> PROBLEM DETAILS
Word for word and without images, transcribe all of the records.

> AVAILABLE DATA

════════════════════

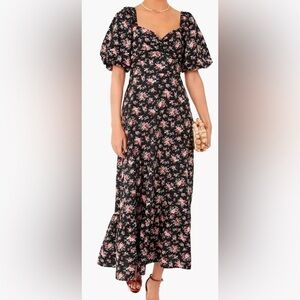Tuckernuck Hyacinth House Black Floral Seaport Dress Size XS
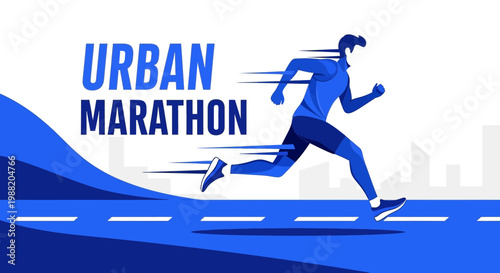 Dynamic Runner in Urban Marathon Race Silhouette Vector Illustration Design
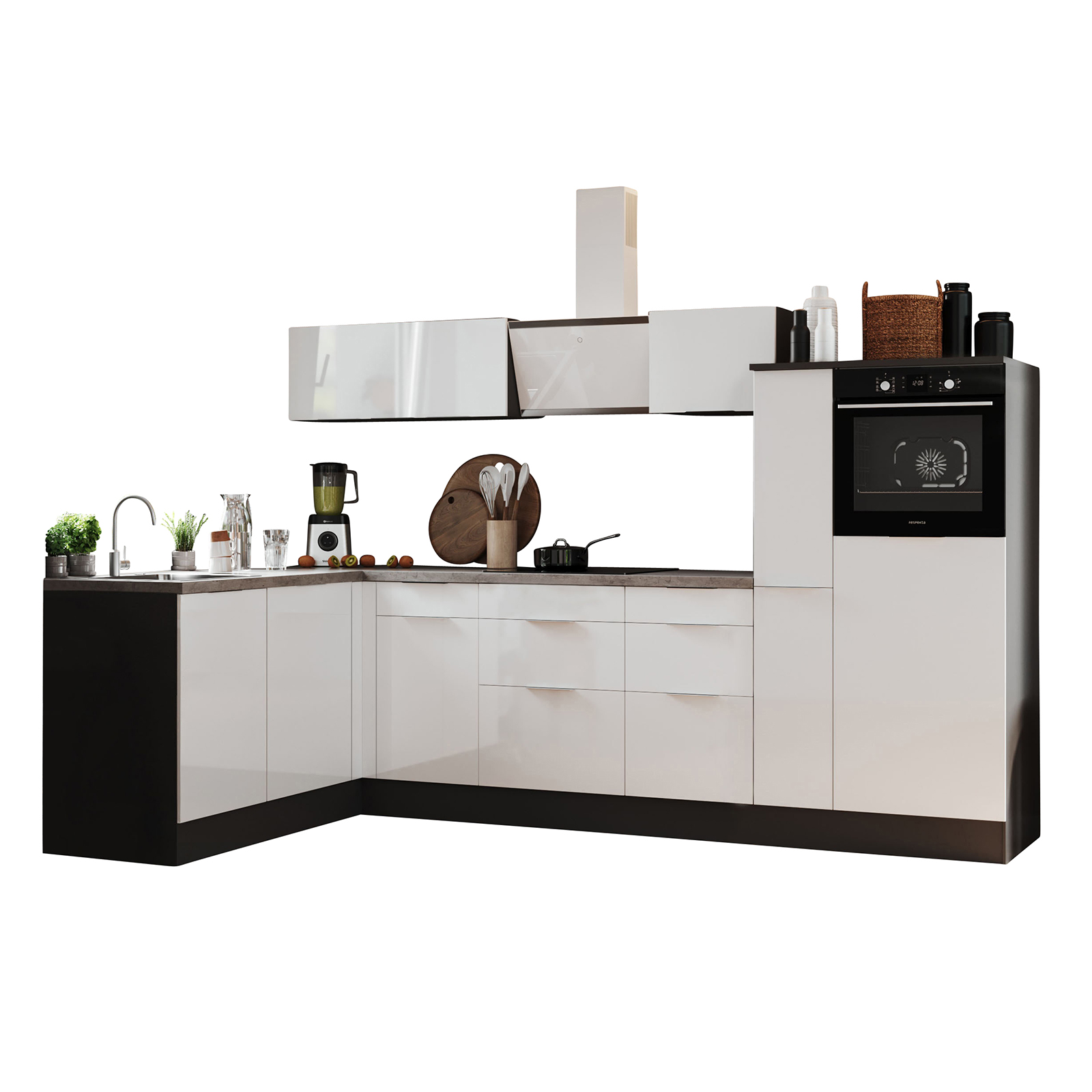 RESPEKTA Winkelküche - weiß Hochglanz - grau matt - mit E-Geräten - 310x175 cm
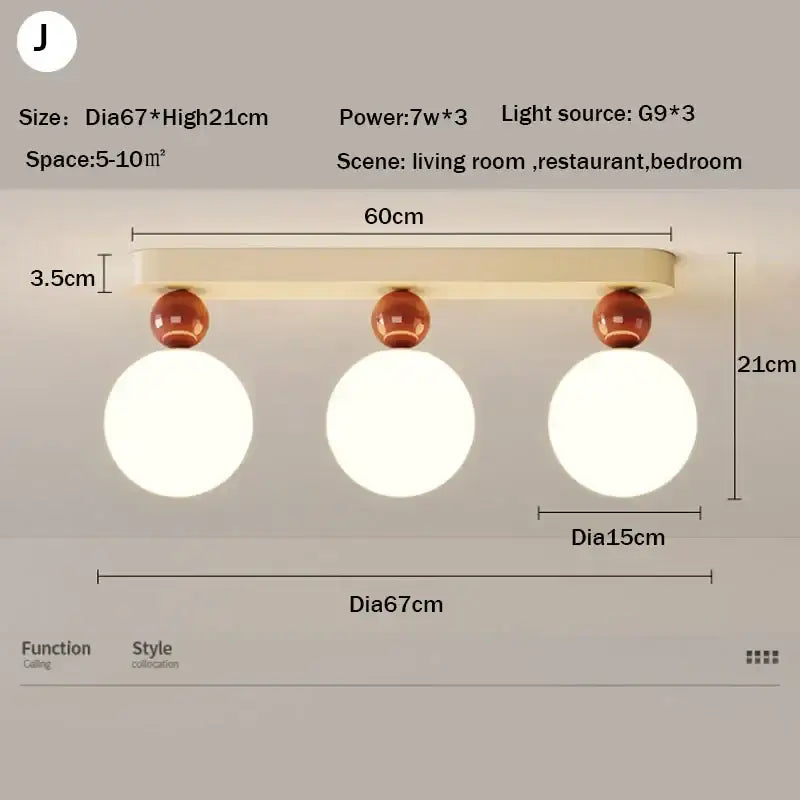 Modern three-light decorbites led ceiling fixture with cream rectangular bar and warm led ceiling moon bulbs for bedroom lighting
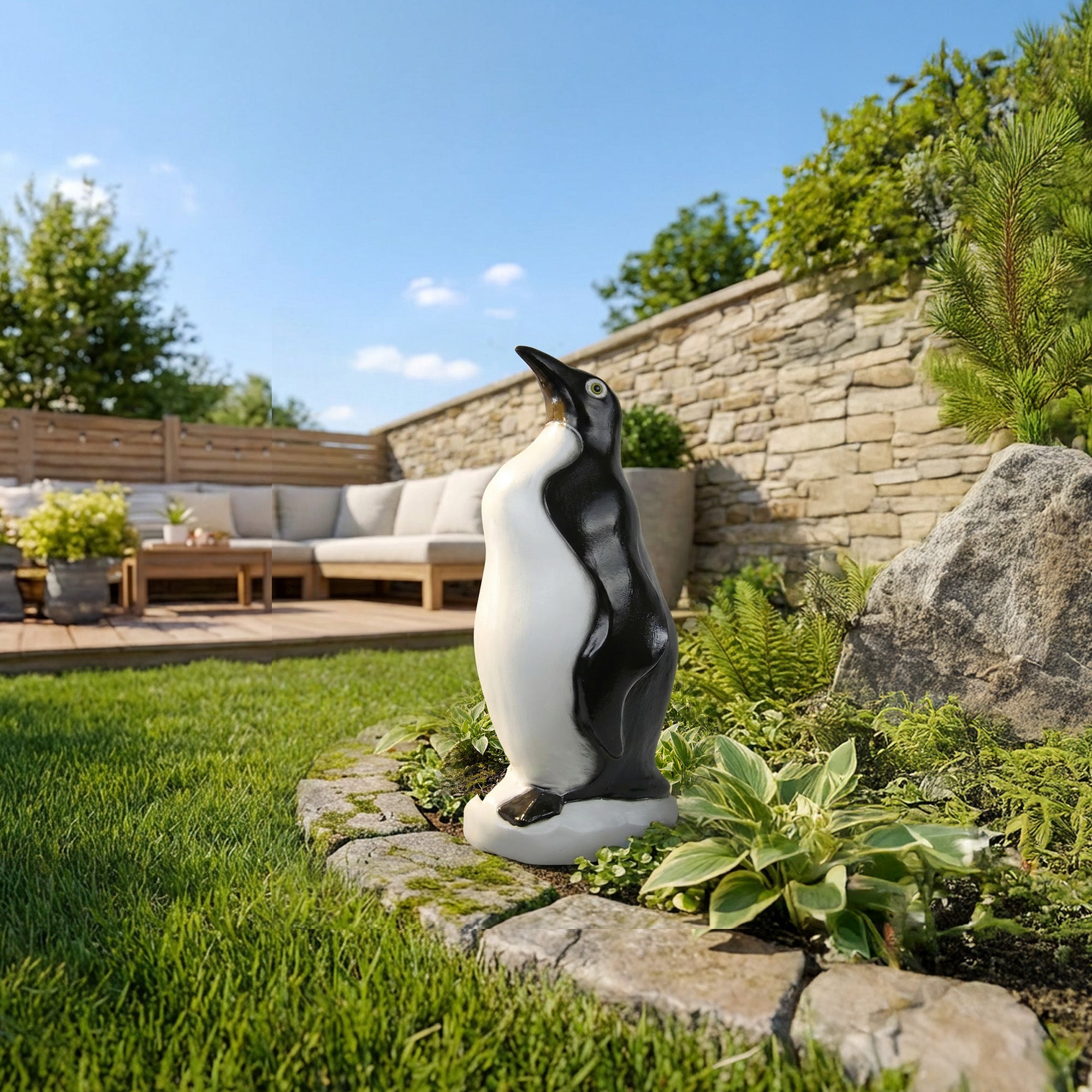 Union Products Outdoor Penguin Lawn and Garden Statue, 23" Tall Animal Figurine - VMInnovations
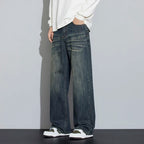 Dark Vintage Wash Wide-Leg Jeans – Retro Casual Street Fit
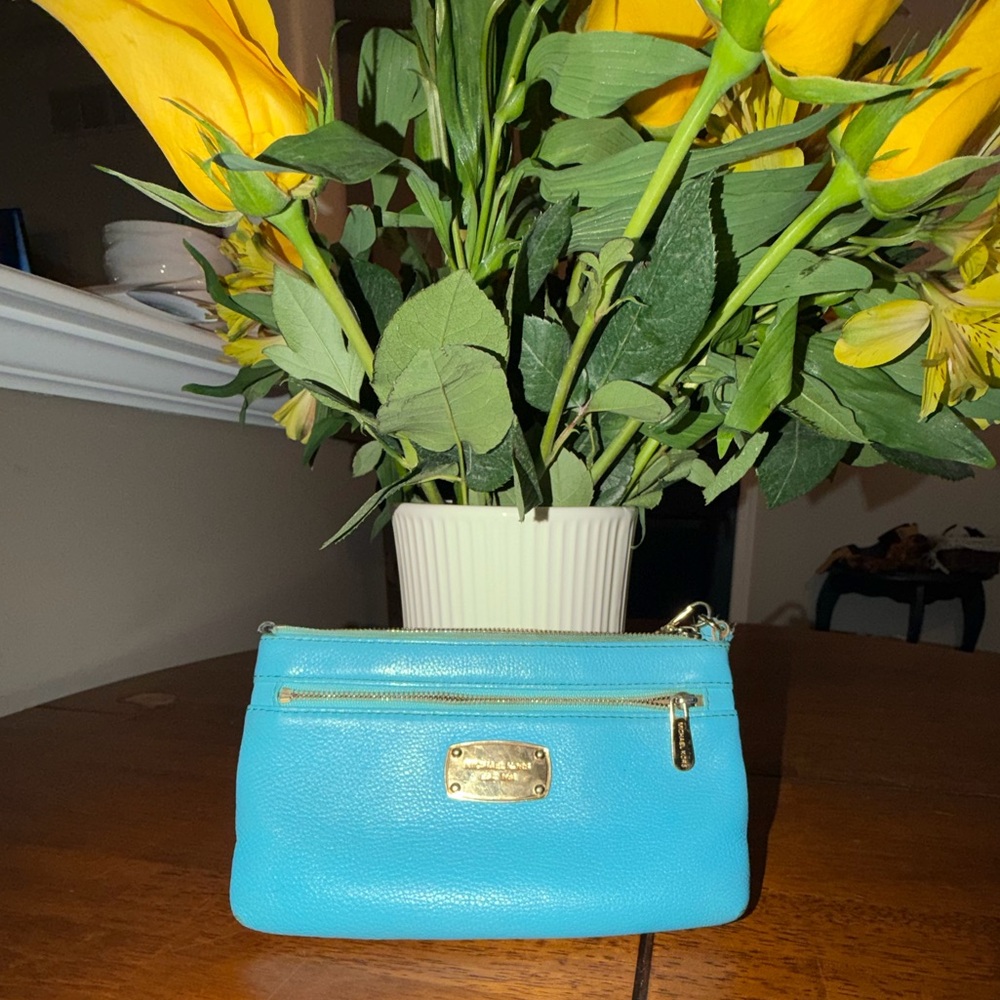 Michael Kors Turquoise Leather Wristlet Clutch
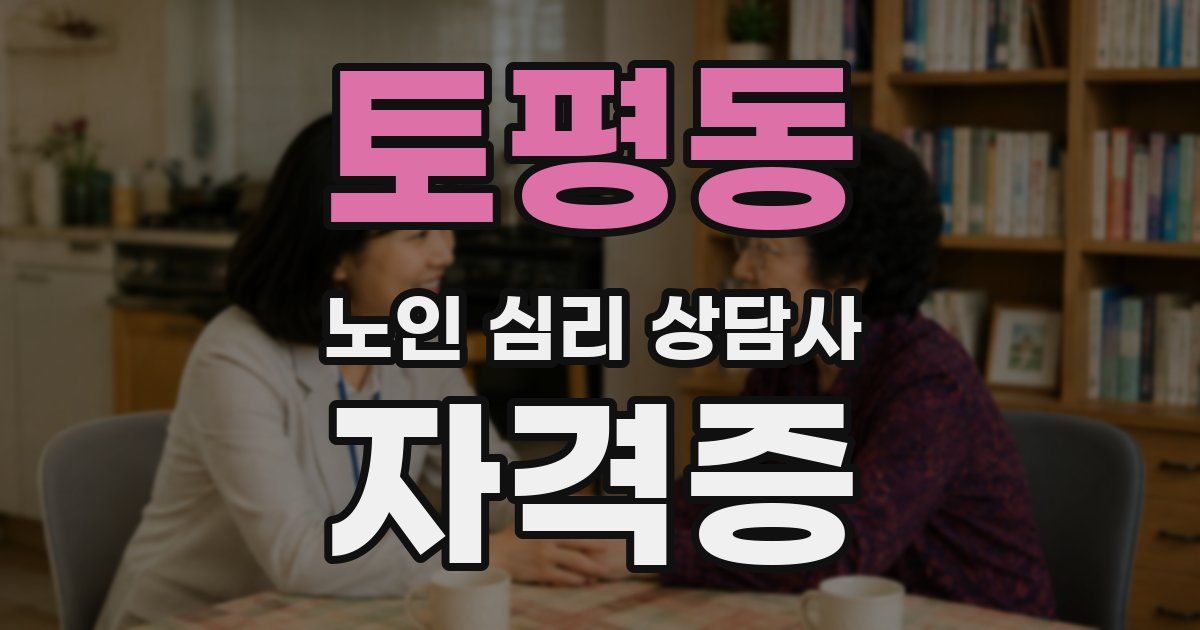 토평동 노인 심리 상담사 자격증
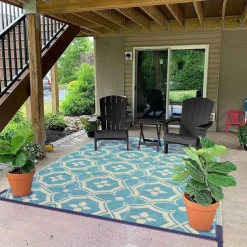 Outdoor Rug Plastic Straw Outside Area Rug Carpet 4x6ft Waterproof Reversible Portable Patio Decor Rug RV Camping Balcony Picnic Mat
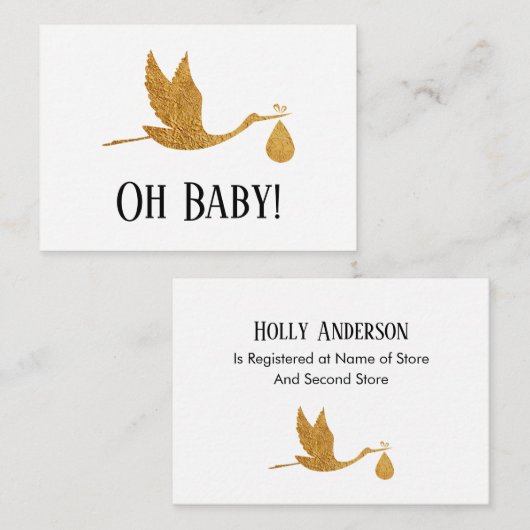 シンプル金ゴールドストフェイクークギフト登録 エンクロージャーカード (正面/裏面)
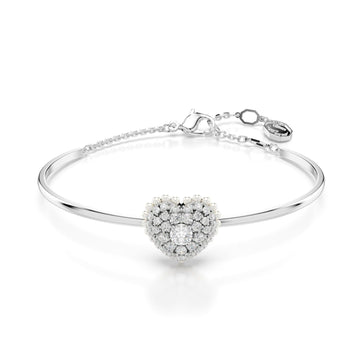 Bracciale donna Swarovski Hyperbola rodiato a cuore con cristalli e perle 5684385-1
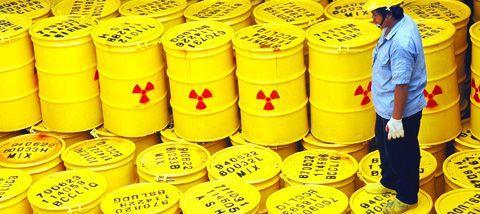 Radioactive Waste At some point the nuclear fuel can not produce enough heat to be used in a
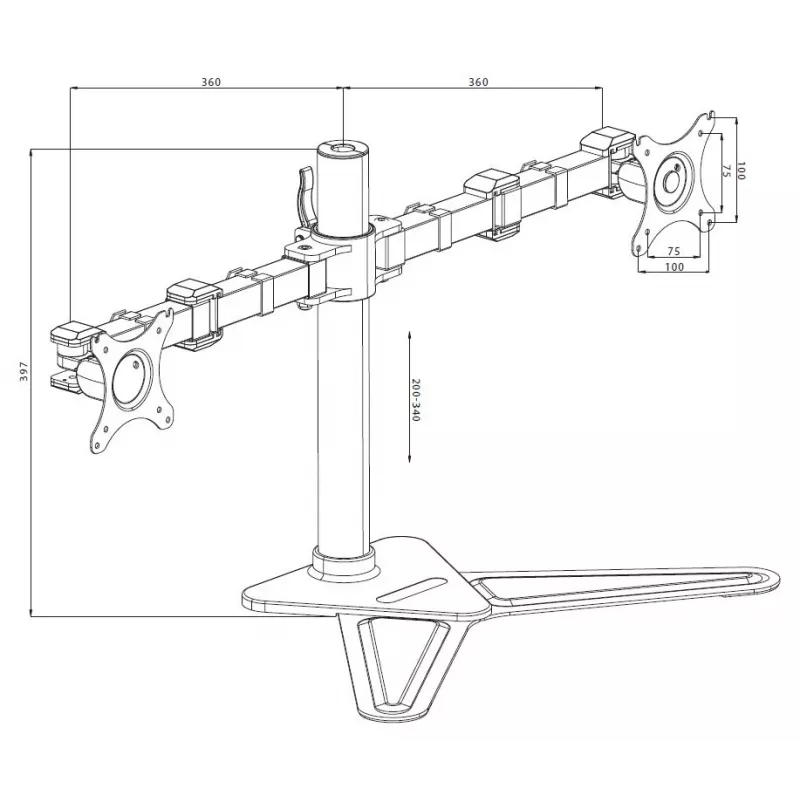 iiyama DS1002D-B1 monitor mount / stand 76.2 cm (30 inch) Desk Black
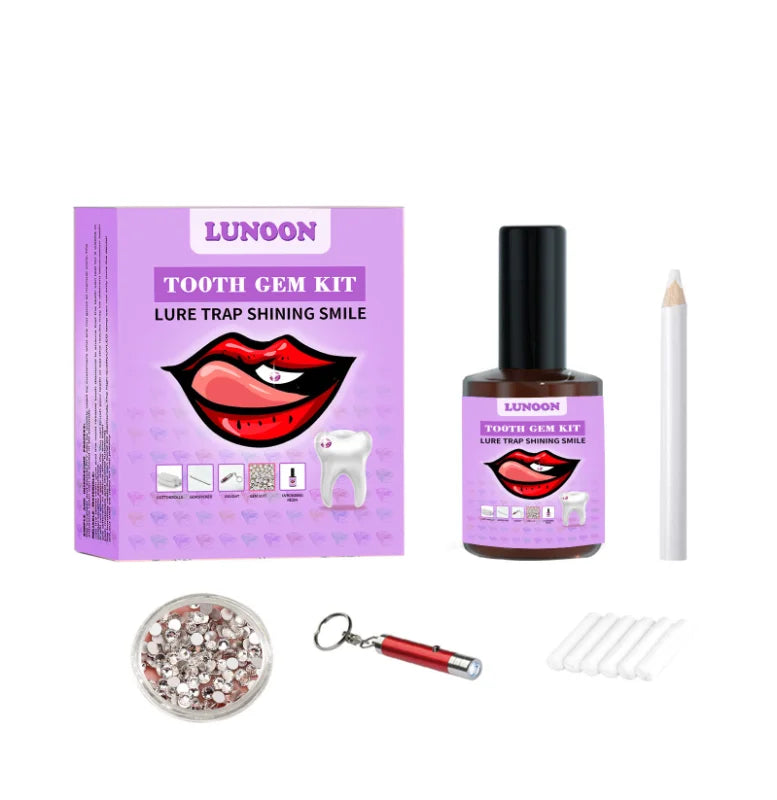 Sparkle Instantly! Professional Tooth Gem Kit - Safe & Easy DIY Dental Adhesive Glitter Gems for Home Use, Complete Beauty Smile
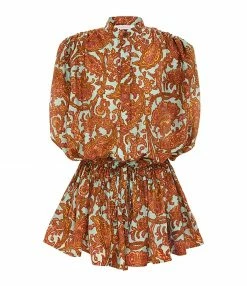 ZIMMERMANN Robe Tiggy Soie Imprimé Cachemire Pêche Menthe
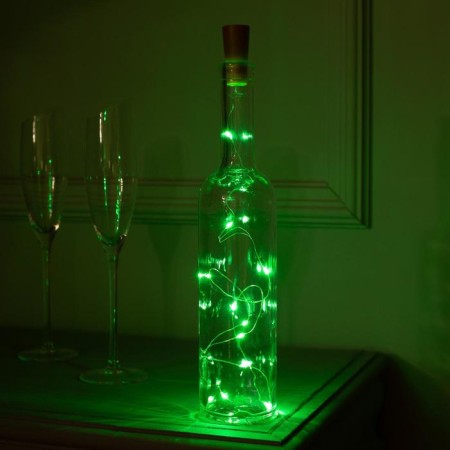 Garland “thread” 1 m dew with a cork, IP20, silver thread, 10 LED, green glow, lr44x3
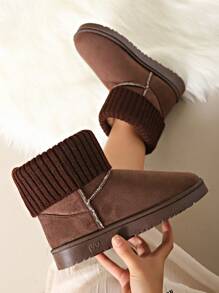 Women's Thick Wool Lining Snow Boots, Warm, Comfortable & Anti-Slip, Suitable For Outdoor Activities & Work, Autumn/Winter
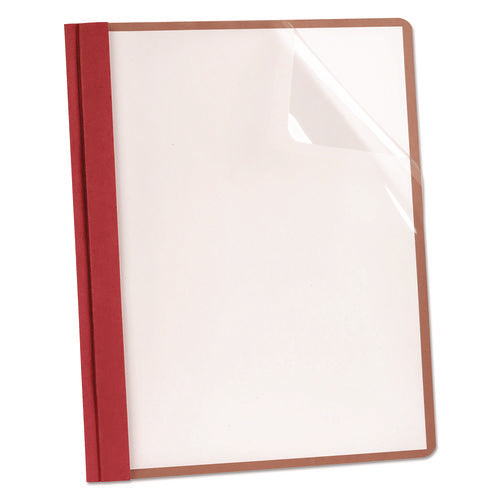 Image of Oxford Earthwise By Oxford 100% Recycled Clear Front Report Covers, 3-Prong Fastener, 0.5" Capacity, 8.5 X 11, Clear/red, 25/box
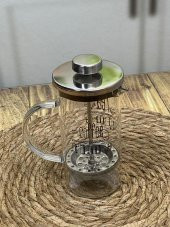 Hometarz French Press Cam Çay Kahve Bitki Demliği 350 ml Gümüş - 2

════════════════════

> ANSWER SECTION
Tuckernuck Hyacinth House Black Floral Seaport Dress Size XS
 Dynamic Runner in Urban Marathon Race Silhouette Vector Illustration Design
 RESPEKTA Winkelküche - weiß Hochglanz - grau matt - mit E-Geräten - 310x175 cm
 Modern three-light decorbites led ceiling fixture with cream rectangular bar and warm led ceiling moon bulbs for bedroom lighting
 Union Products Outdoor Penguin Lawn and Garden Statue, 23" Tall Animal Figurine - VMInnovations
 Dark Vintage Wash Wide-Leg Jeans – Retro Casual Street Fit
 Michael Kors Turquoise Leather Wristlet Clutch
 토평동 노인 심리 상담사 자격증
 Outdoor Rug Plastic Straw Outside Area Rug Carpet 4x6ft Waterproof Reversible Portable Patio Decor Rug RV Camping Balcony Picnic Mat
 シンプル金ゴールドストフェイクークギフト登録 エンクロージャーカード (正面/裏面)
 Bracciale donna Swarovski Hyperbola rodiato a cuore con cristalli e perle 5684385-1
 Radioactive Waste At some point the nuclear fuel can not produce enough heat to be used in a
 iiyama DS1002D-B1 monitor mount / stand 76.2 cm (30 inch) Desk Black
 Sparkle Instantly! Professional Tooth Gem Kit - Safe & Easy DIY Dental Adhesive Glitter Gems for Home Use, Complete Beauty Smile
 ZIMMERMANN Robe Tiggy Soie Imprimé Cachemire Pêche Menthe
 Garland “thread” 1 m dew with a cork, IP20, silver thread, 10 LED, green glow, lr44x3
 Women's Thick Wool Lining Snow Boots, Warm, Comfortable & Anti-Slip, Suitable For Outdoor Activities & Work, Autumn/Winter
 Image of Oxford Earthwise By Oxford 100% Recycled Clear Front Report Covers, 3-Prong Fastener, 0.5" Capacity, 8.5 X 11, Clear/red, 25/box
 Hometarz French Press Cam Çay Kahve Bitki Demliği 350 ml Gümüş - 2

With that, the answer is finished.